Auguste Rodin est un sculpteur français ayant vécu à la charnière des 19ème et 20ème siècles travaillant tant le marbre que le bronze. Il est réputé pour avoir bousculé le monde académique des arts en ne sculptant plus des corps humains idéaux, conformes aux canons aussi bien grecques que romains ; il les a rendu imparfaits, tendus, musclés, expressifs, tourmentés.
La Porte de l’Enfer
Son œuvre majeure est « la Porte de l’Enfer » (1). Alors même qu’il n’était pas encore célèbre, l’Administration des Beaux-Arts lui a commandé en 1880 une « porte décorative ornée de bas-reliefs représentant la Divine Comédie de Dante » en lui laissant toute liberté d’interprétation ; l’arrêté ministériel fixe sa rémunération à la somme de 8000 F, somme très importante pour l’époque ; le coût réel de son travail les dépassera largement ; c’est néanmoins cette œuvre qui amorcera sa célébrité. Il s’agissait alors d’habiller l’entrée du futur Musée des Arts Décoratifs qui devait ouvrir en 1883. Ce projet sur le site envisagé ayant avorté, Rodin continua néanmoins de travailler sa porte pendant plus de 30 ans, avant de mourir sans parvenir à l’achever.
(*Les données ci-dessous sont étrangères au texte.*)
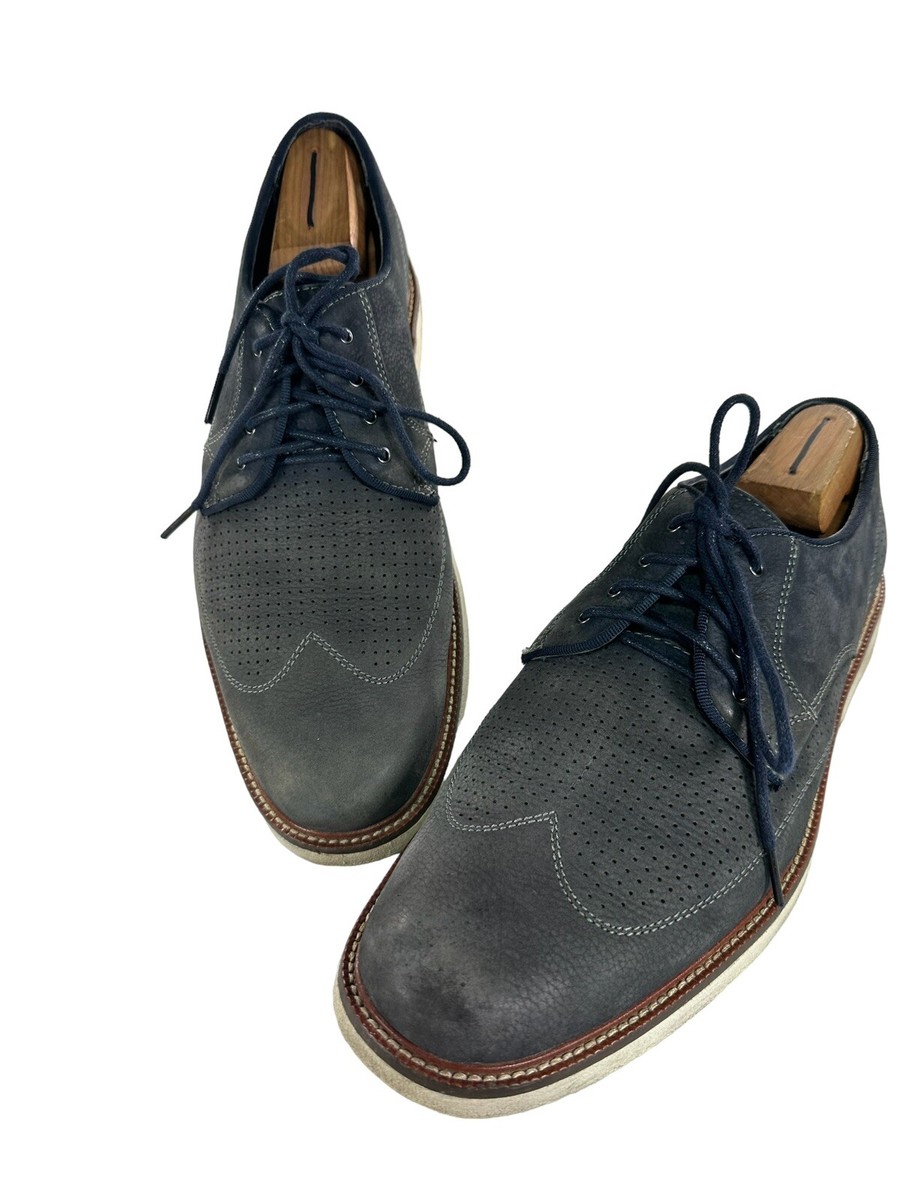 Johnston & Murphy Mens Size 8M Oxford Blue Comfort Wingtip  display picture 1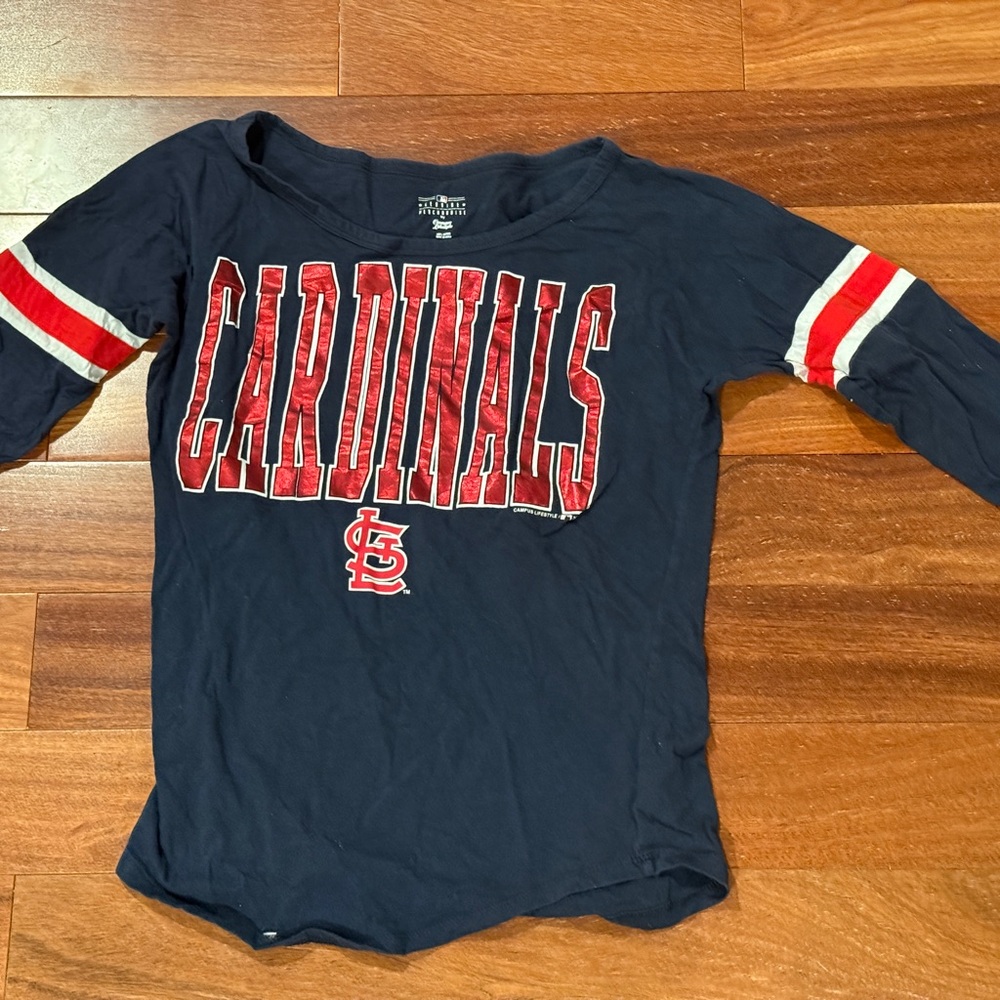 St. Louis Cardinals Navy Shirt by 5th & Ocean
Cette porte en fonte noire représente plus de 180 figures de corps torturés, tombant dans l’enfer et son tourbillon chaotique de souffrances. On prête à Rodin ici 2 sources d’inspiration : Michel-Ange dont on sait combien il a su représenter la force et la puissance avec son « David » exposé à Florence, et Dante qui a si bien décrit l’enfer dans « La Divine Comédie » en le résumant dans cette phrase célèbre « Vous qui entrez, laissez toute espérance ».
2 insertions attirent plus particulièrement l’attention :
– la première est celle du « Penseur », représentant un homme réfléchissant à sa condition humaine. On dit que Rodin voulait justement représenter « Dante méditant sur la condition humaine ». En revanche on sait qu’il s’est inspiré du physique de Jean Baud, un boxeur français de salles obscures qui pratiquait la savate (boxe française) mais qui, pour améliorer son ordinaire, posait également pour les artistes ; et c’est lui qui permit ainsi à Rodin de travailler l’expressivité des corps à partir tant de leur musculature que de leur ossature.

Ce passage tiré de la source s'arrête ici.